Former Tesla employee Martin Tripp has submitted a tip to the Securities and Exchange Commission accusing Tesla of both misleading investors and allowing potential dangerous vehicles to be sold to consumers.

Until about a month ago, Tripp worked at the Tesla Gigafactory battery plant in Reno, Nevada, but he was fired and subsequently accused by the automaker of committing sabotage in a lawsuit Tesla filed in federal court.

The lawsuit and subsequent tip to the SEC stand to create some havoc for Tesla at a time when the automaker has been hoping to calm the concerns of analysts and investors who have been worried about the slow ramp-up of the critical Model 3 battery-sedan.

Earlier this month, CEO Elon Musk announced that the company had built 5,000 of the vehicles during the last week of the second quarter, meeting its revised production goal. Musk has said that would help put Tesla on the road to delivering a profit for the second half of 2018, along with positive cashflow.

(Tesla sues former employee over alleged sabotage. Click Here for the story.)

Martin Tripp, a former Tesla employee at its Gigafactory near Reno, Nevada, allegedly tried to sabotage the company.

But the tip filed by Tripp on July 6 – and made public this week by his attorney – contends that Tesla has been grossly overstating its production numbers, perhaps by as much as 44%. That doesn’t come as a complete surprise to some observers. Indeed, in the days leading up to Musk’s announcement, the Reuters news service quoted three current Tesla employees who indicated the company was running well short of its 5,000 target.

According to Tripp, the board Tesla used to alert workers at its Fremont, California assembly plant grossly overstatement actual production figures.

He also told the SEC that some of the batteries Tesla used in its vehicles contained “dangerous puncture holes” due to manufacturing defects, and that Tesla “lowered vehicle specifications” to allow battery cells to be packed more tightly together. That could result in fires and even a possible explosion, according to Tripp.

Tripp is believed to have been the source of earlier news reports indicating that Tesla was facing significant quality problems on its battery and assembly lines – or so the automaker indicated in the lawsuit it filed last month in federal district court in Nevada. It alleged the former employees supplied a number of “falsehood” to unnamed news organizations, among other things exaggerating “the amount and value of ‘scrap’ material that Tesla generated during the manufacturing process.”

Fremont workers were invited to sign a poster proclaiming Tesla's new "5K Club." Tripp says it didn't happen.

(Click Here for details about the NTSB investigating latest Tesla vehicle fire.)

The carmaker also alleged that Tripp “hacked Tesla’s manufacturing operating system (‘MOS’) and (transferred) several gigabytes of Tesla data to outside entities.”

It is unclear who those entities are.

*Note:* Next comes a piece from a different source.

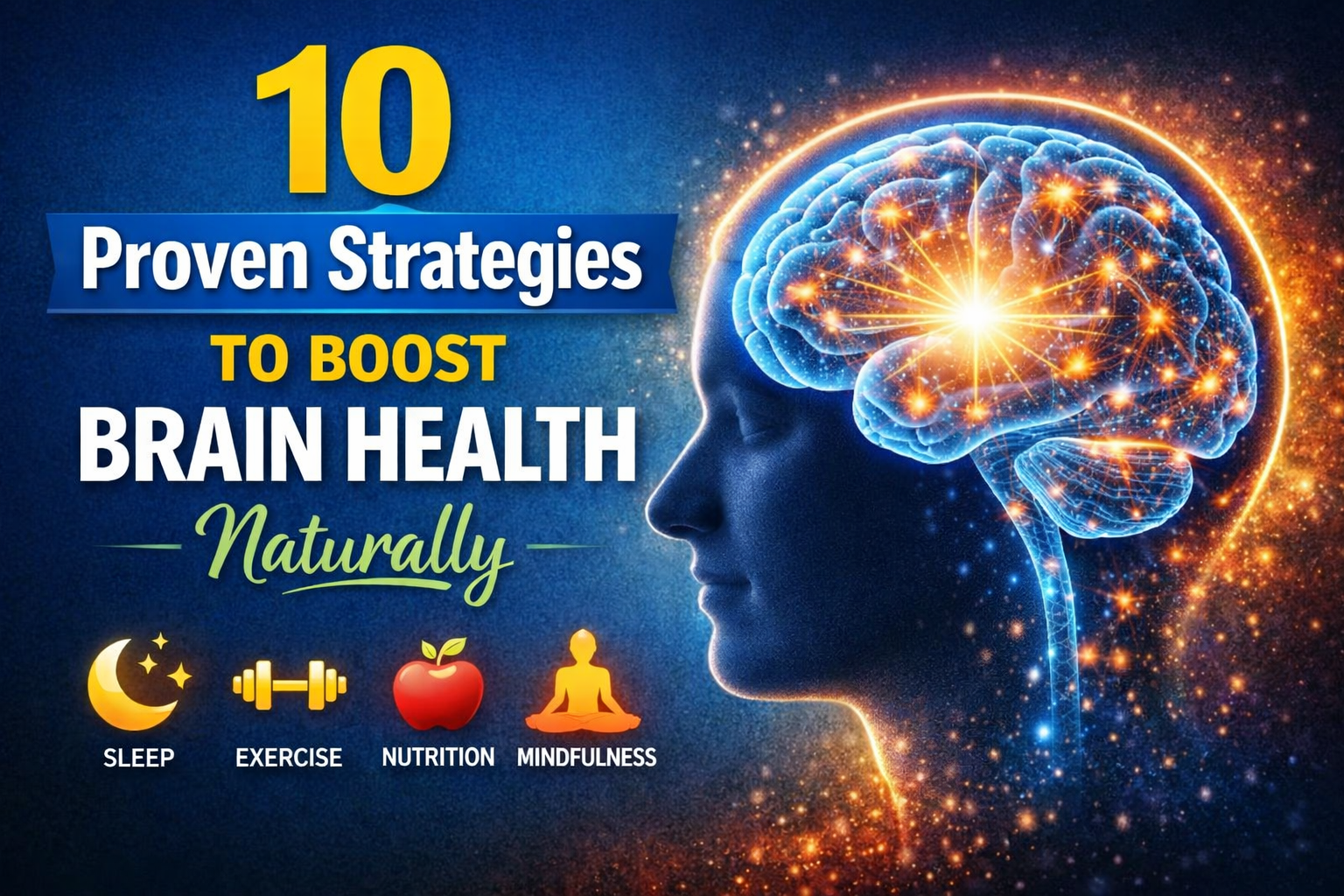 10 Proven Strategies to Boost Brain Health Naturally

Also surprising to some observers is the fact that while Tesla has chosen to sue Tripp it notably did not press any criminal charges, something that is common in cases of hacking and the theft of intellectual property. Apple, for example, this week sought the arrest of a former engineer accused of self-driving vehicle technology that he was set to provide to a company in China.

For his part, Tripp said in a new statement that “Getting the truth out has become a nightmare.” He said that he and his family have faced threats and harassment and have had to relocate, though he also said he has received “tons of support.”

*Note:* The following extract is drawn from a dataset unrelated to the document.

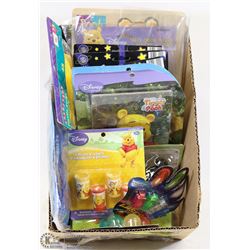 BOX OF KIDS PARTY SUPPLIES - GIFTBAG TOYS,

His attorney, Stuart Meissner, described the federal lawsuit as a “calculated effort to ruin (Tripp’s) reputation and silence him and other potential Tesla [whistleblowers] from coming forward.”

It’s not the first time Tesla has been accused of taking steps to challenge critics. The National Labor Relations Board currently is looking into allegations that Tesla last year dismissed nearly 1,000 workers at its Fremont plant because they advocated for a union.

(To see more about Tesla’s plans to build a new plant in Shanghai, Click Here.)

Tesla is also facing several federal safety investigations looking at both potential problems with the company’s Autopilot semi-autonomous driving system, as well as battery fires. Two teens were killed in when their Model S sedan’s battery pack caught fire after a recent crash in Florida.